Welcome to clip_bbox’s documentation!

Overview / About

CLIP is a neural network, pretrained on image-text pairs, that can predict the most relevant text snippet for a given image.

Given an image and a natural language text label, CLIP_BBox will obtain the image’s spatial embedding and text label’s embedding from CLIP, compute the similarity heatmap between the embeddings, then draw bounding boxes around the image regions with the highest image-text correspondences.

Installation

Use pip to install clip_bbox as a Python package:

$ pip install clip-bbox

Use As a Command Line Script

usage: python -m clip_bbox [-h] imgpath caption outpath

positional arguments:
  imgpath     path to input image
  caption     caption of input image
  outpath     path to output image displaying bounding boxes

optional arguments:
  -h, --help  show this help message and exit

To draw bounding boxes on an image based on its caption, run

$ python -m clip_bbox "path/to/img.png" "caption of your image" "path/to/output_path.png"

Usage Example

_images/command_line_usage.gif

Use As a Python Module

To draw bounding boxes on an image based on its caption, do the following:

from clip_bbox import run_clip_bbox

run_clip_bbox("path/to/img.png", "caption of your image", "path/to/output_path.png")

Using the run_clip_bbox() will result in an output image displaying the original image, the similarity heatmap between then spatial and text embeddings from CLIP, and the image with bounding boxes & heatmap drawn on top of it.
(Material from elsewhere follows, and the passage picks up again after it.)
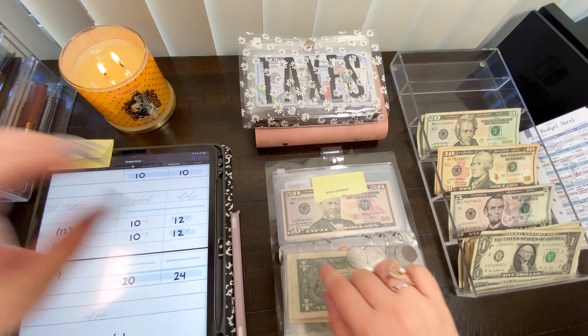Toiletries is gonna get five dollars today. The new balance in toiletries is now $52.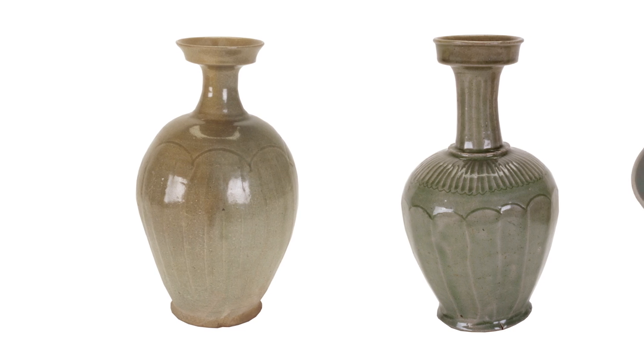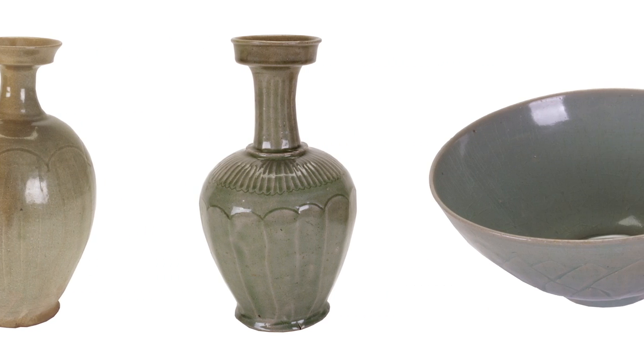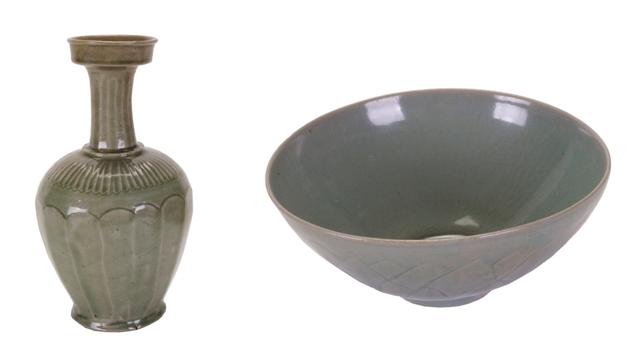These ceramic vessels were made in Korea sometime between about 900 and 1300 AD. Korean ceramics of this period are considered to be some of the most spectacular ceramic objects ever made, prized by collectors and museums all around the world.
Here is an example output image for the caption "a camera on a tripod":

_images/example_output.png

Usage Example

from clip_bbox import run_clip_bbox

run_clip_bbox("rocket.png", "a rocket standing on a launchpad", "result.png")

Result: Produces result.png, which displays the similarity heatmap and bounding boxes for an image of a rocket and its caption.

_images/rocket_result.png